WHAT used to be an elevator, Rebecca Howland filled with a box that says: "Jelly Bean Brain Award to James Watt for Service in Strip Mining Our Forests."
Lumber, plaster and other debris piled up in one corner was covered with spray paint, including a generous whoosh of gold, by Kimberly Fine.
Dark figures in various stances queue up for jobs in a mural painted by Ken Bernstein.
Jim Raglione has caused balloons to inflate on the tops of white columns.
All this and uncounted other paintings, constructions, graffiti and assemblages fill the building at 920 F St. NW, grandly called "The Ritz Hotel" but not to be confused with the Ritz Carlton or any other of the thousands of Ritz hotels functioning in various degrees of splendor around the world.
This Ritz, with its plaster falling off in clumps in all 40 rooms, its slate steps chipped and uneven, its stair rails long lost, has seen more affluent days, though not for many years. No one remembers it as ever having been very fancy, and some people have called it a former flophouse.
As art, the works in the Ritz are not likely to be confused with those in the National Gallery or any other art establishment: This is art as chaos, art in the raw, art as anger, art as destruction, art as beginnings.
For the last week or two, an ambitious group of Washington and New York art people--including an important contingent of 3- to 6-year-olds from the Children's Studio School here--have turned the old building into a temple of temporary art, or an edifice of ephemerality. It looks a lot like the late '60s revisited.
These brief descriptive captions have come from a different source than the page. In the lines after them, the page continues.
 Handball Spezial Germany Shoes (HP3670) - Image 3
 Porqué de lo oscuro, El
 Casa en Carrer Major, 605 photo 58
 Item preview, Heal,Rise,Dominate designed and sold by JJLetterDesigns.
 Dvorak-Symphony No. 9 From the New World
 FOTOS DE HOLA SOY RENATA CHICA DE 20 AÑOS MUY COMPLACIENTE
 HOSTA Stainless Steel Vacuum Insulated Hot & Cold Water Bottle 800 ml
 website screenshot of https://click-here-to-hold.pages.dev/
When the weather has been really cold, the art people, most of them used to suffering for their creations, worked with gloves on their hands, scarves around their necks and caps pulled over their ears. Worst of all, no one was allowed to smoke, lest it all go up in flames.
"Eventually, the manager, Steve Figliozzi, hopes to lease the space to artists for studios," said Helen M. Brunner of the Washington Project for the Arts, which instigated The Ritz. "We had looked for a building for almost a year because we wanted to invite the Collaborative Projects group down from New York to work with us."
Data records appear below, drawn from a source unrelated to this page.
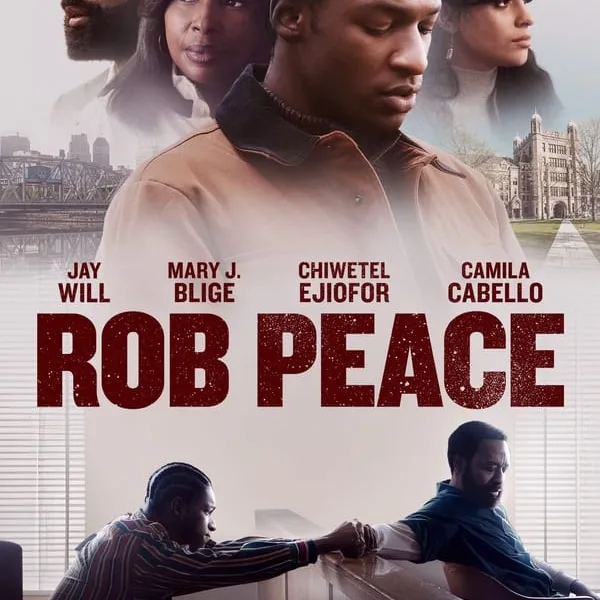 rob-peace-hollywood-movie
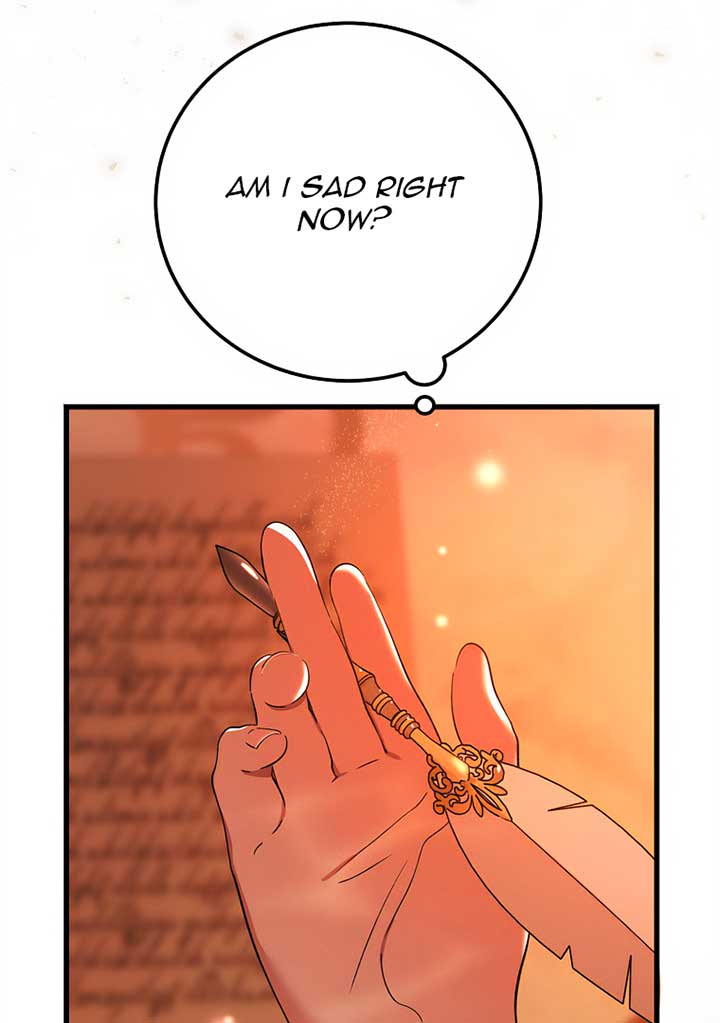 The Devil Raises a Lady Chapter 29 - Page 71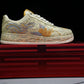 AF1 Low Year of the Dragon 'Gold' (2024)
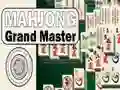 Permainan Mahjong Grand Master secara online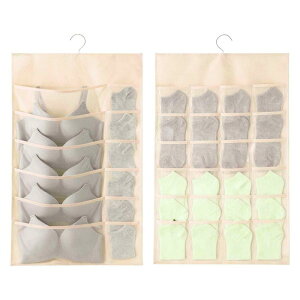 CAPASTEC ݂艺[ OTCY ʃ|Pbg36 EH[|Pbg Ǌ| N[[bg [ [ d؂ [ [bN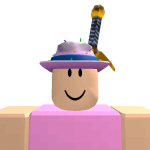 @SatisfingKras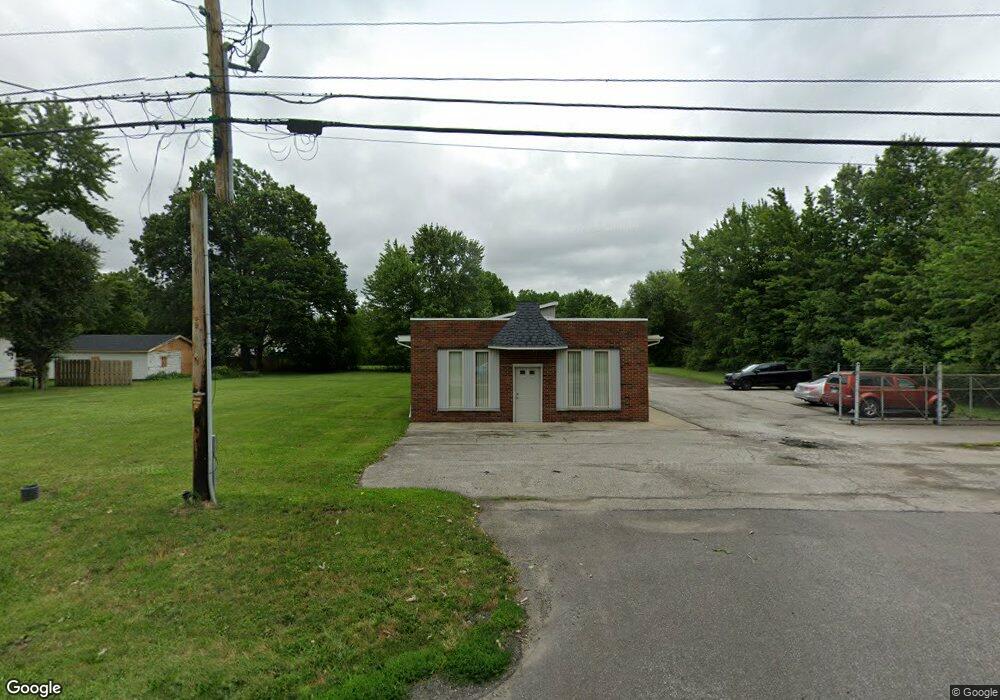 10511 Lagrange Rd, Elyria, OH 44035 - photo 1
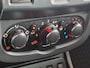 Dacia Duster 1.6 SCe 4x2 | TREKHAAK | STOELVERWARMING | NAVIGATIE |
Colabmembers, as they call themselves, have done 45 or so works in New York, including one--a "Real Estate" show-- for which they broke into a building after the landlord, the City of New York, was slow in giving a permit.
"We like to start programs, such as the Potato Wolf show on cable television cable, and the ABC No Rio art space, and let them take off by themselves," said John Morton, one of the coordinators of the project. Morton, like many of the artists, sometimes works as a painter and carpenter to make ends meet. Each of the New York artists received $100 for transportation and materials. "Washington artists have been very kind about feeding us," said Morton. "We rented a house here for a month, and bought some used furniture, and some people gave us other pieces."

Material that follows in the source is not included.